Exercise directions – Retype all of the listing exactly, with no pictures.

Source material –
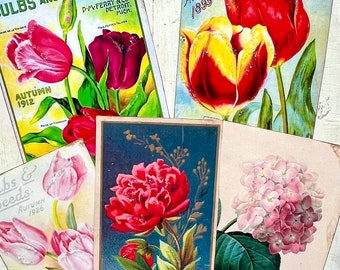 Vintage Spring Garden floral  Roses Hydrangeas Peony tags images  Altered Art flower frog Primitive seed packets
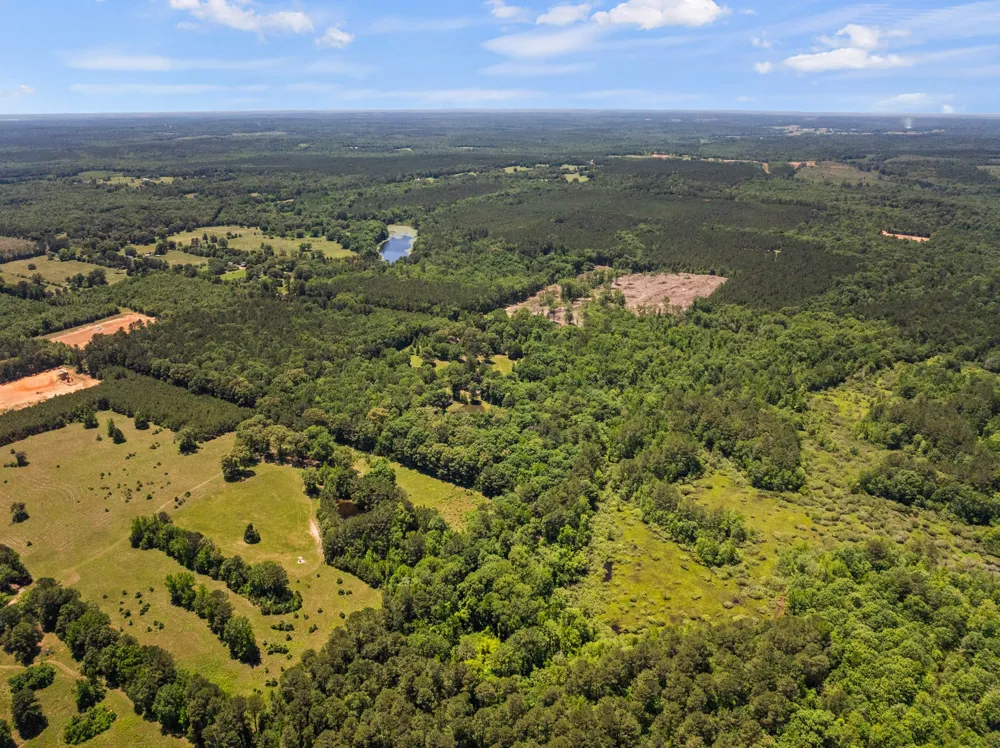 4469 County Road 1579 Avinger, TX 75630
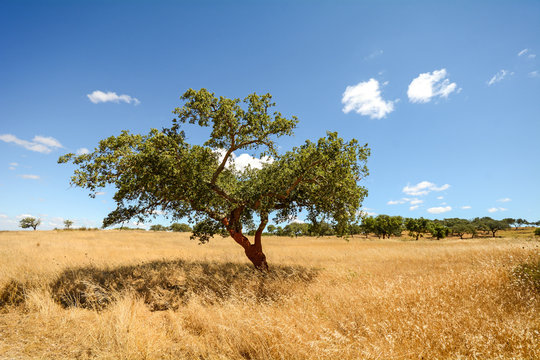 Hilly Alentejo landscape with cork oak trees and yellow fields in late summer near Beja, Portugal Europe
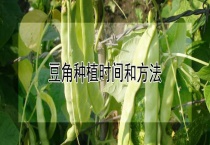 豆角种植时间和多久？
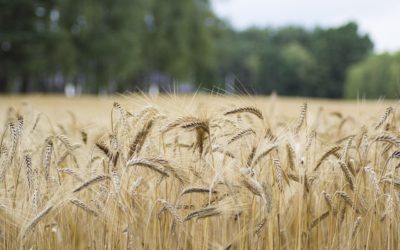 Commercial céréales H/F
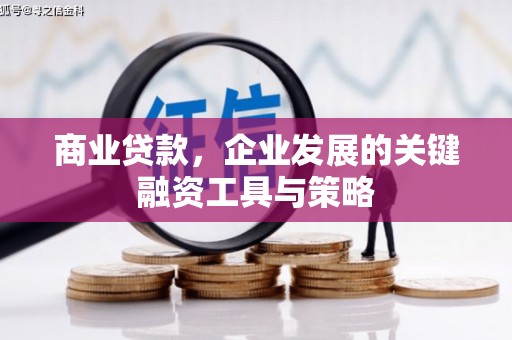 芦洲商业贷款，企业发展的关键融资工具与策略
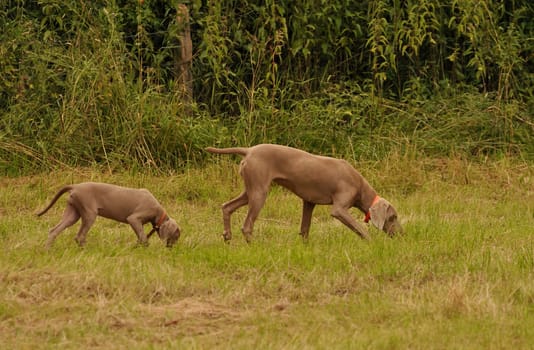 Weimaraner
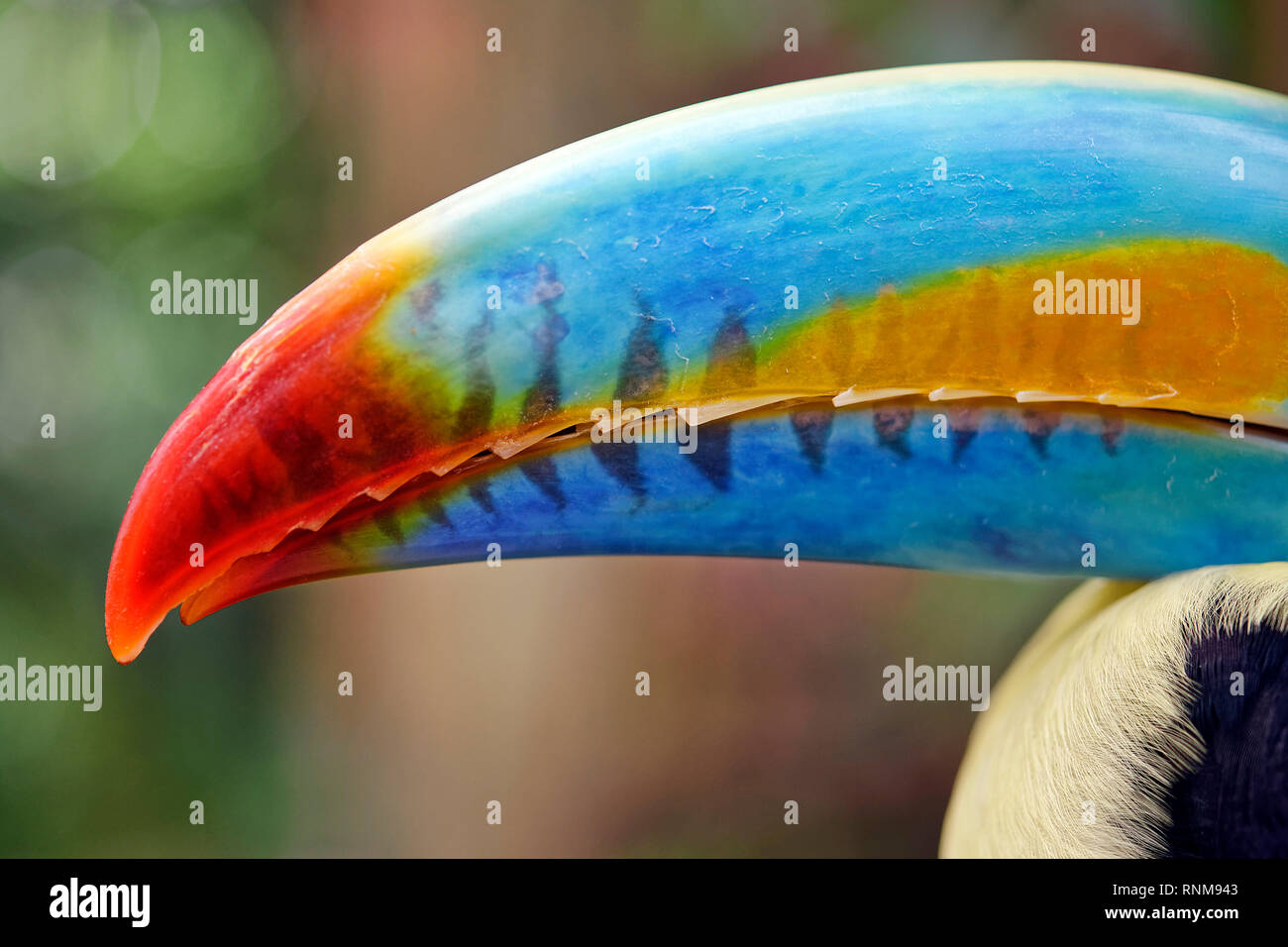 Schnabel von Kiel-billed Toucan-Ramphastos sulfuratus Stockfoto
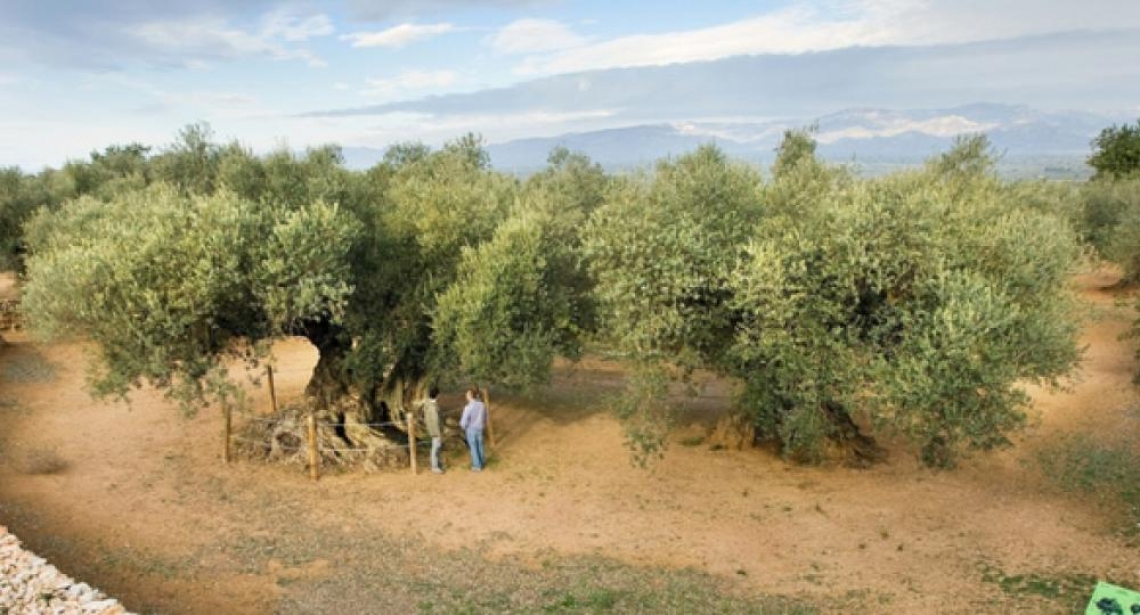 Anche la Spagna ha i suoi olivi tutelati dalla Fao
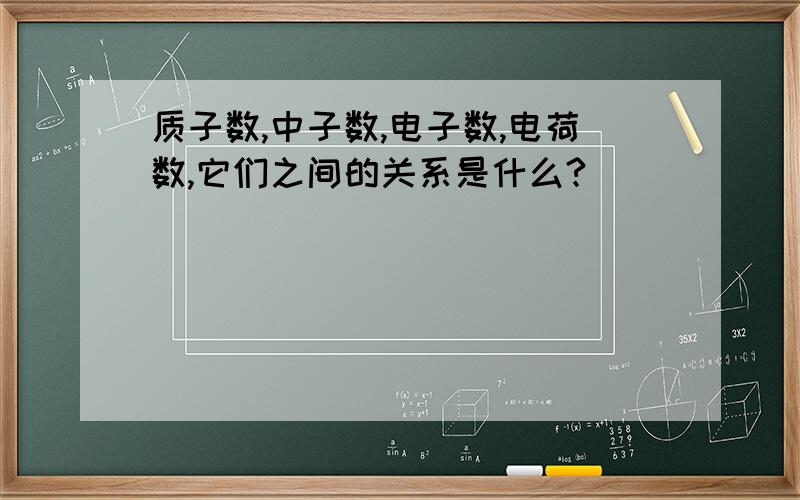 质子数,中子数,电子数,电荷数,它们之间的关系是什么?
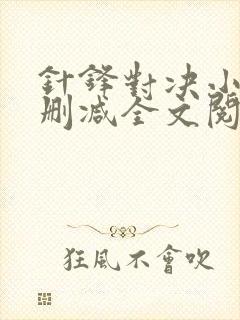 针锋对决小说未删减全文阅读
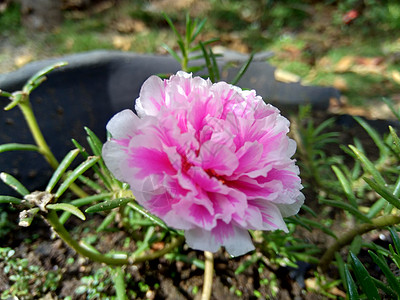 天然本底的白花朵宏花叶子花瓣热带花园生长大花栽培花卉紫色图片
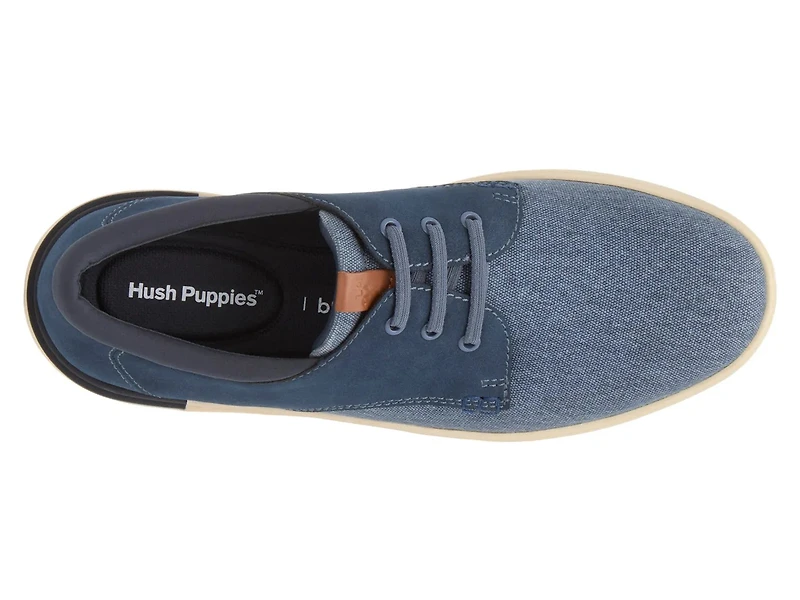 Bear Oxford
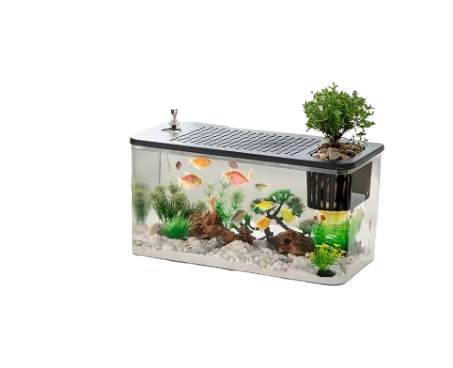Crystal Clear Aquarium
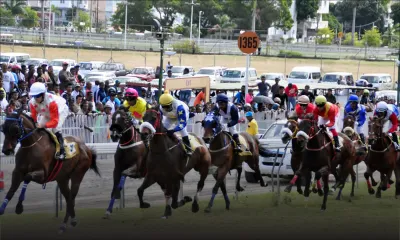 Hippisme : les pronostics de la 15e journée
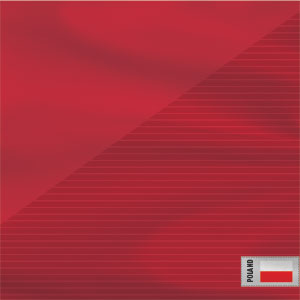 Poland Soccer Flag Bose SoundLink Mini Speaker II Skin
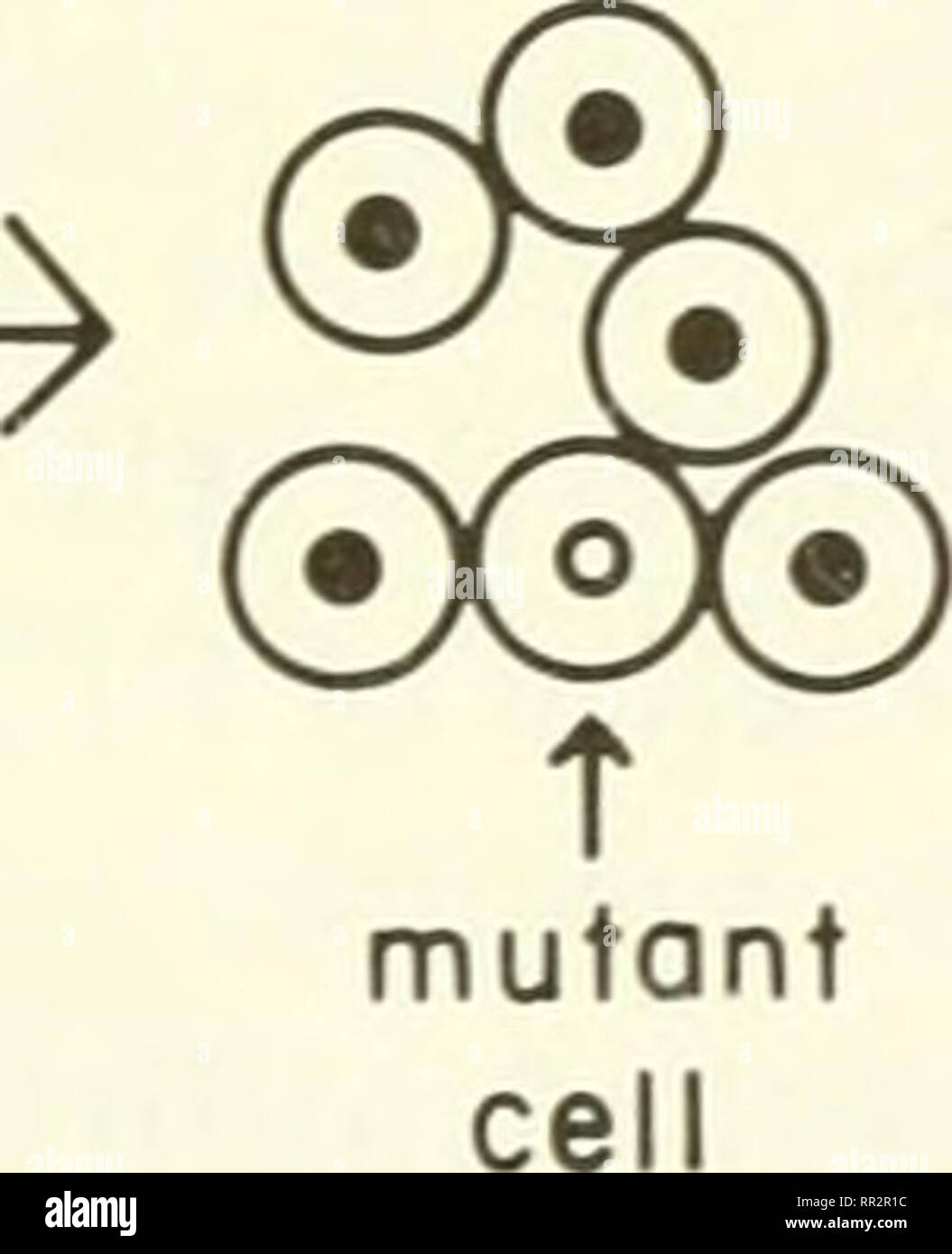 . Advances in marine environmental research : proceedings of a ...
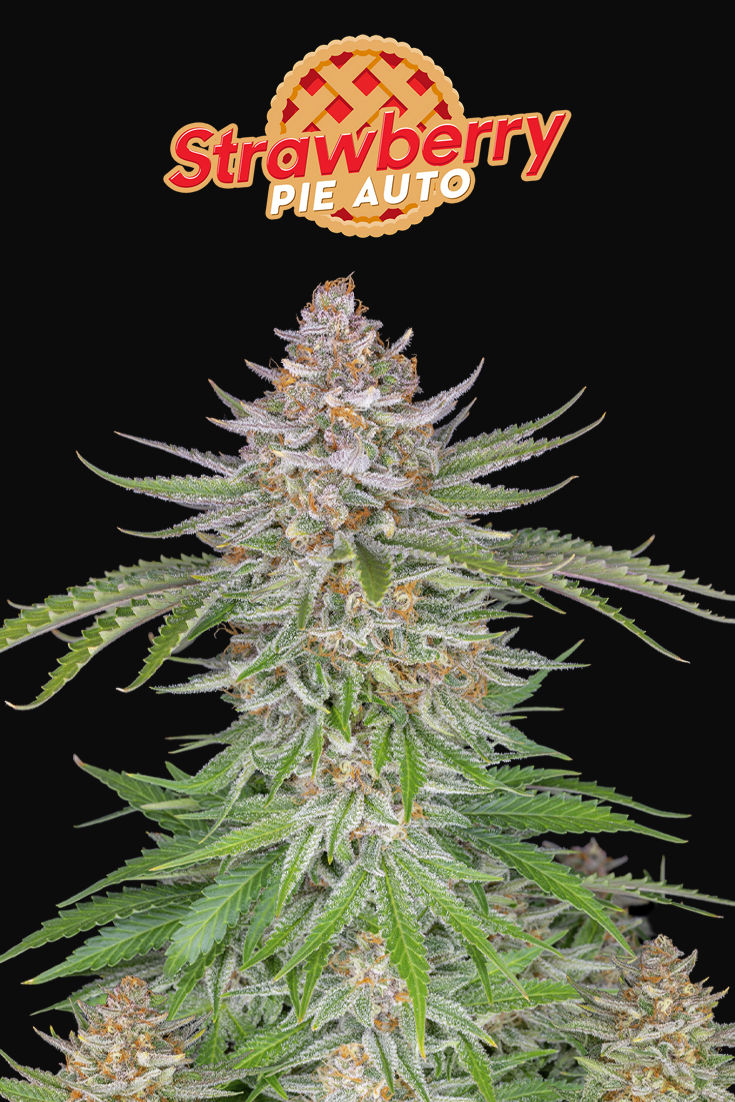 Buy Strawberry Pie Auto Cannabis Seeds Fast Buds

Exercise output –
 Vintage Spring Garden floral  Roses Hydrangeas Peony tags images  Altered Art flower frog Primitive seed packets
 4469 County Road 1579 Avinger, TX 75630
 Hilly Alentejo landscape with cork oak trees and yellow fields in late summer near Beja, Portugal Europe
 豆角种植时间和多久？
 Commercial céréales H/F
 芦洲商业贷款，企业发展的关键融资工具与策略
 Weimaraner
 Schnabel von Kiel-billed Toucan-Ramphastos sulfuratus Stockfoto
 Anche la Spagna ha i suoi olivi tutelati dalla Fao
 质子数,中子数,电子数,电荷数,它们之间的关系是什么?
 针锋对决小说未删减全文阅读
 天然本底的白花朵宏花叶子花瓣热带花园生长大花栽培花卉紫色图片
 Bear Oxford
Crystal Clear Aquarium
 Hippisme : les pronostics de la 15e journée
 Poland Soccer Flag Bose SoundLink Mini Speaker II Skin
 . Advances in marine environmental research : proceedings of a ...
 Buy Strawberry Pie Auto Cannabis Seeds Fast Buds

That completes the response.